In unrelated automotive news, This guy loves his Subaru. He really, really loves his Subaru. (NSFW - unless you work for a Subaru dealership. And even then, probably not.)
October 07, 2005
Movie Review: Elizabethtown
In director Cameron Crowe's new film, Elizabethtown, most of the plot revolves around Kirsten Dunst, who goes by some other name in the movie. I didn't catch the name, it may have been Carla or Clara or something like that. In the movie, Dunst is there, mostly being adorable and stuff. She wears different outfits in the movie, so you get to see different looks from her - not always the same look. All the different looks are totally adorable, which is the important thing here. If she only looked cute in one of the outfits, then they would have been better off just leaving her in that outfit. But since she looked good in all of the clothes they had her wearing, it was OK that they had her change clothes during the movie. She even wears a stewardess outfit which is totally hot.
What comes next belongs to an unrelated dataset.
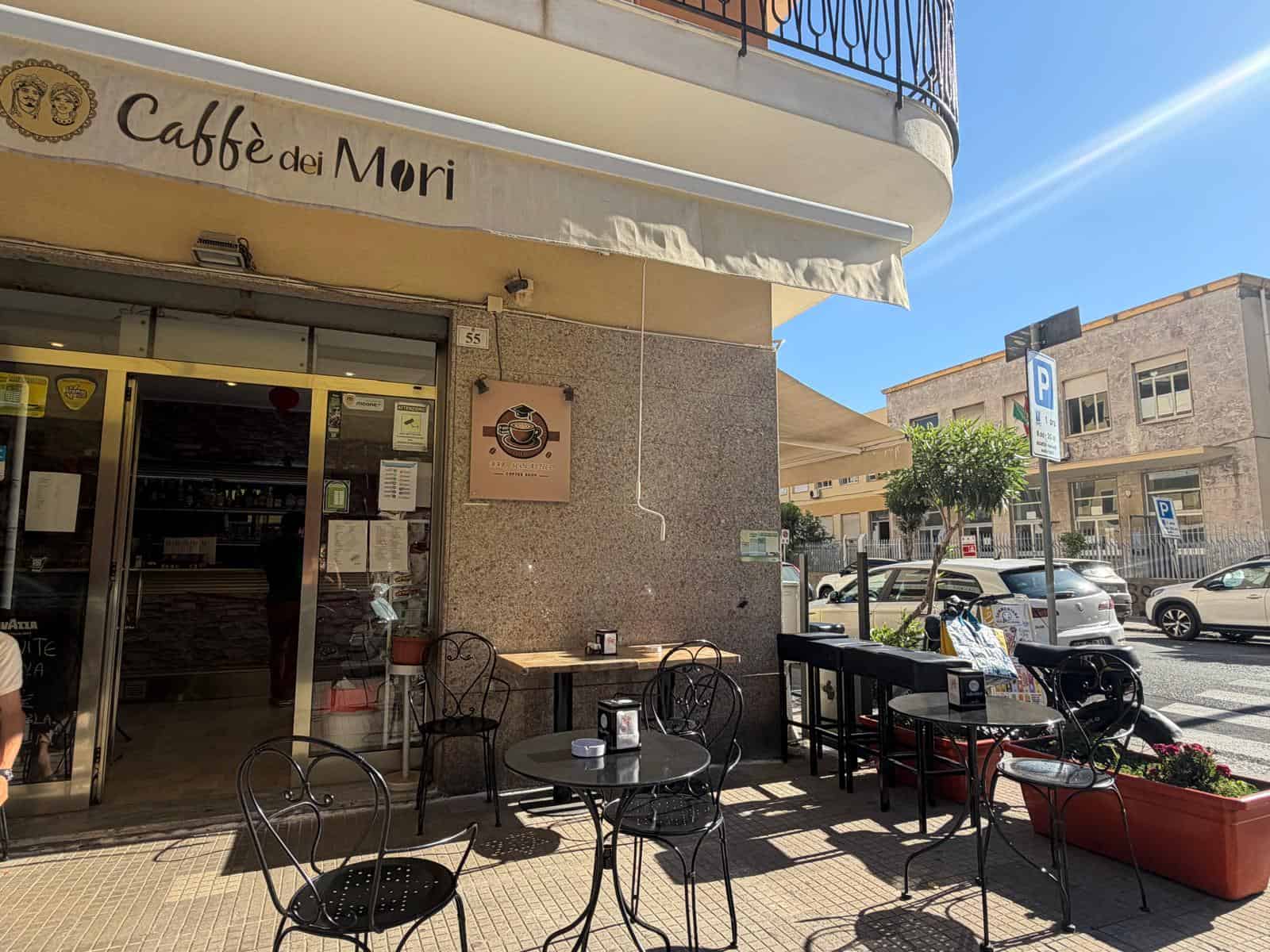 Esterno di un bar con tavoli e sedie all'aperto in Via Risorgimento a Milazzo, Sicilia.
Anyway, a lot of different stuff goes on in the movie, some of it happening in this town where a bunch of people live. I think the place was actually called "Elizabethtown" which is also the name of the movie! So the town is "chock full" of wacky people who try to be funny a lot, but aren't all that funny and aren't nearly as adorable as Kirsten Dunst is. After the town, there is this guy who drives around in a car for awhile, listening to some radio station where Kirsten is supposed to be the DJ I think. This was the worst part of the movie because it's just this dude driving around, and you don't see much of Kirsten because she's only talking on the radio. And it doesn't make sense anyway because girls who sound cute on the radio are never all that cute in real life, so why would Kirsten Dunst work for a radio station when she's totally adorable and she's supposed to be working as a stewardess anyway? She looked HOT as a stewardess.
So the guy drives around, then meets up with Kirsten again, and they make out for a while. And that's pretty much the movie.
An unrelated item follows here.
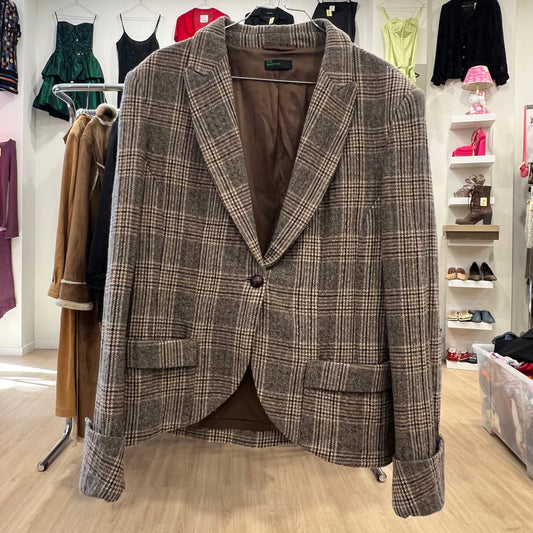 Plaid blazer on a hanger in a clothing store setting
In my opinion, this movie was OK, but not as good as it could have been, so I'll give it three and a half Joeys.
Elizabethtown opens October 14.
October 05, 2005
Sinead Goes Reggae
Just turned on Leno, and was surprised to see Moby performing with a full-out reggae band backing him. Except it wasn't Moby - it was Sinead O'Connor! You can understand my confusion - they are both tiny little bald-headed women. Anyway, it turns out that Sinead just released an entire album of classic reggae! Thank GOD someone has stepped up to continue the great tradition of Irish Reggae - a tradition that started with James Joyce and the Dubliners' classic 1938 recording "Bloom in Babylon".
Now if only Ziggy Marley would finally release his new collection of angry, feminist alt-folk... then popular culture could finally collapse under its own weight. And I could go get a sandwich.
October 02, 2005
Six Experiential Phases of a Saturday Night Live Comedy Sketch
1. Sketch begins, Comedic Premise is established. Viewer experiences strong doubts regarding efficacy of Comedic Premise. Still, viewer retains hope that through imaginative execution, Comedic Premise can be effectuated humorously.
2. As Sketch proceeds, viewer's expectation of humor decreases over time (as shown below).
3. Sketch continues, ineffectually. Viewer begins to suspect some kind of comedic misdirection: Is this Metahumor? Anti-humor? Perhaps the lack of discernible humor is the joke? Viewer awaits the conclusion of Sketch, anticipating some ingenious Comedic Twist that will justify the Sketch's apparent tedium.
4. Sketch concludes, sans Comedic Twist. Viewer is surprised, then shocked, then confused, then enraged.
5. Viewer wonders why Sketch Comedy Program is still broadcast on national television.
6. Viewer wishes Dave Chappelle would get his shit together and bring decent Sketch Comedy back to TV.